Los sectores que rechazan el proyecto advierten que una flexibilización del régimen podría favorecer la extranjerización de tierras ubicadas en zonas consideradas estratégicas, como las áreas de frontera, regiones con reservas de agua dulce, yacimientos mineros, bosques nativos o sectores con acceso a puertos. También sostienen que la modificación reduciría la capacidad del Estado para ejercer controles sobre recursos naturales considerados estratégicos para la Argentina.

¿La reforma obliga a vender tierras?
No.
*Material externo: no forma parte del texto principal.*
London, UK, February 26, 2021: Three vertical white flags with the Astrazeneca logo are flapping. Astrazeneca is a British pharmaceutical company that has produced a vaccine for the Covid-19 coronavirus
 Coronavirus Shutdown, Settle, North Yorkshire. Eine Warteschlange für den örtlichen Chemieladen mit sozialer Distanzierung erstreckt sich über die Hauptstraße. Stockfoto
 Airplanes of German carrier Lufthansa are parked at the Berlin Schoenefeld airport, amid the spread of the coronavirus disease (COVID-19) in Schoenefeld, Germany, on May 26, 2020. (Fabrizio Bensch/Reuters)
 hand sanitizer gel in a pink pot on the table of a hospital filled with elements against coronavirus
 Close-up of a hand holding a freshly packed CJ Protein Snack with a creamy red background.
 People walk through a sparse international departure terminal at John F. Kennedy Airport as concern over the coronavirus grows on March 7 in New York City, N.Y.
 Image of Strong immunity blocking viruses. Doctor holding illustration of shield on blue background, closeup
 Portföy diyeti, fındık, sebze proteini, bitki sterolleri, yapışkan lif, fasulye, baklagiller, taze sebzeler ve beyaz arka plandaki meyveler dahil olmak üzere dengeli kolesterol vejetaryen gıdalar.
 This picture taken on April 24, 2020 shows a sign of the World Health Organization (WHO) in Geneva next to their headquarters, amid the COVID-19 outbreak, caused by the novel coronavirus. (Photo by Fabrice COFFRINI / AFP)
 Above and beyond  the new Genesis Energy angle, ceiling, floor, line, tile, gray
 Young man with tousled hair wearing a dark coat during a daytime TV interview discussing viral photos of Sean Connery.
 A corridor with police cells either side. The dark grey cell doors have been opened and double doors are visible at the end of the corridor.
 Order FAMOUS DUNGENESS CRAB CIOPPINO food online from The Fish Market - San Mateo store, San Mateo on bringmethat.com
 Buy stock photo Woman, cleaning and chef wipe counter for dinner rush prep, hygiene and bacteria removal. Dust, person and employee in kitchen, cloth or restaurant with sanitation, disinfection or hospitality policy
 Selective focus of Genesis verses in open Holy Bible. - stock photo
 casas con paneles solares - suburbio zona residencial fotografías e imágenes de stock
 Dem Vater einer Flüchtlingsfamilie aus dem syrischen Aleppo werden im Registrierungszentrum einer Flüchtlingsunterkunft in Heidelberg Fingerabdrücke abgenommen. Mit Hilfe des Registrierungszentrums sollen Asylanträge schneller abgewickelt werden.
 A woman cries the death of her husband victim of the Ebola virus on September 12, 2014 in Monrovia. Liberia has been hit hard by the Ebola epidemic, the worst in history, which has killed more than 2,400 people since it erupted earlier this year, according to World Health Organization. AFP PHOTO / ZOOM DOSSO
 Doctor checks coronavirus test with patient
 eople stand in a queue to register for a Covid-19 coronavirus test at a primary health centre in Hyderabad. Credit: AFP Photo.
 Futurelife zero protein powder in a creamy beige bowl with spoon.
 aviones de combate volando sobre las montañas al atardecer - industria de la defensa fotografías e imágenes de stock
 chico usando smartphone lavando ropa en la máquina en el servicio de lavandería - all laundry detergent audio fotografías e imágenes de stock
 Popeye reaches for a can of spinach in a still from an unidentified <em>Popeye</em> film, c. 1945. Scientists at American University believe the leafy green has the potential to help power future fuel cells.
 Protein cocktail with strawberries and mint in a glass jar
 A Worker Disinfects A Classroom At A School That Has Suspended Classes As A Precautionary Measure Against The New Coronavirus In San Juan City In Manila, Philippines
El proyecto no obliga a vender propiedades rurales ni dispone la venta de tierras fiscales. La iniciativa únicamente modifica el régimen que regula quiénes pueden adquirir tierras rurales privadas en la Argentina, eliminando o reduciendo las restricciones vigentes para compradores extranjeros y trasladando parte de esa regulación a las provincias, que podrán definir sus propios criterios sobre la materia.